Ruprecht retrocedió contra las balas de algodón, y la mosca se le posó en una oreja. El guardia nocturno estaba lloriqueando y el sudor le oscurecía la camisa.

—Será mejor para ti, escoria, que las cinco botellas de vino que me bebí anoche no hayan afectado a mi puntería de esta mañana…

Ruprecht inspiró y cerró los ojos en el momento en que el cuchillo salía de la mano de Harald y volaba, girando sobre los extremos, como si atravesara un líquido espeso.

Se oyó un golpe sordo cuando el cuchillo se clavó hasta la empuñadura, y Ruprecht profirió un grito.

El insecto había dejado de zumbar.

Ruprecht abrió los ojos y descubrió que el cuchillo estaba alojado dentro de una bala de algodón, pegado a su cabeza y sobre su oreja derecha. Él no tenía siquiera un corte.

—Y ahora, ¿voy a escuchar una confesión o las cosas se pondrán desagradables?

Ruprecht estaba demasiado ocupado rezando para responder a la pregunta, pero los Peces no se sentían impresionados.

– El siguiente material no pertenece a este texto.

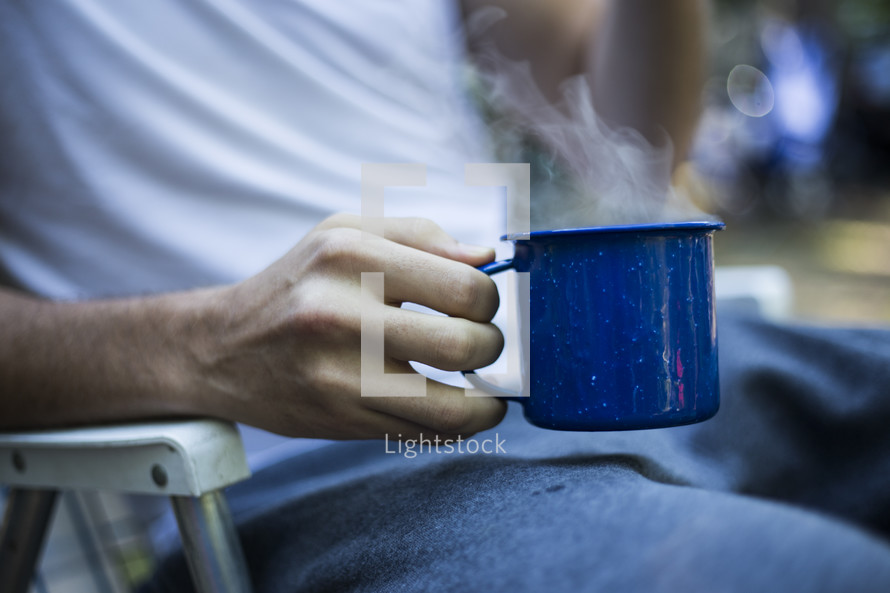 man in a folding chair holding a steaming cup of coffee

Vieron a un hombre sin cuchillo y cometieron el habitual error de creer que resultaría fácil vencerlo.

Krimi hizo un movimiento con los ojos y se lanzó hacia Harald. Agitó la cuerda y alzó el pasador para hundirle el cráneo a Harald.

Era como en los viejos tiempos de la guardia. La escoria parecía moverse más lentamente que un jarabe espeso, mientras que él se desplazaba con la celeridad de un bailarín. Harald atrapó la cuerda cuando ésta serpenteaba a través del aire y, con un giro diestro, se la enroscó en torno a la muñeca.

Luego tiró de ella, y Krimi perdió pie.

Cuando el Pez estuvo al alcance de Harald, éste estrelló una rodilla con fuerza contra la entrepierna del otro hombre.

Krimi jadeó de dolor y el pasador cayó sobre el embarcadero.

Harald lo soltó y lo apartó de un empujón.

—Duele, ¿verdad? —dijo.

El Pez estaría demasiado ocupado pensando en el dolor para causar más problemas. Harald recogió la cuerda y, tras apartar las manos de Krimi de sus contusas pelotas, le ató las muñecas.

—Ruprecht —dijo—, tráeme mi cuchillo.

Sin pensarlo, el guardia nocturno arrancó el Magnin de la bala de algodón y se lo entregó. Harald lo metió en la vaina.

Miró a los demás estibadores. Ninguno de ellos quería más problemas.

—¿A qué estáis esperando? —preguntó—. Bajad el cargamento al muelle, y no olvidéis los compartimentos secretos de la bodega de proa.

Los Peces obedecieron de inmediato y comenzaron a transportar barriles y cajas, como si fueran las marionetas de un titiritero especialmente diestro.

Warble bajó de la gabarra y miró a Krimi, que aún rodaba por el muelle con las rodillas apretadas.

Harald tiró de la cuerda para poner de pie a Krimi, y deslizó un collarín de hierro en torno al cuello del Pez, tras lo cual lo apretó y ajustó el cierre. Las púas hirieron el cuello del delincuente e hicieron manar un poco de sangre. Si forcejeaba, se haría feas heridas él mismo, juguetonamente, Harald tiró del collar y le arrancó un alarido al Pez.

—Dime —dijo Warble—, ¿es por esto que te llaman «Sucio Harald»?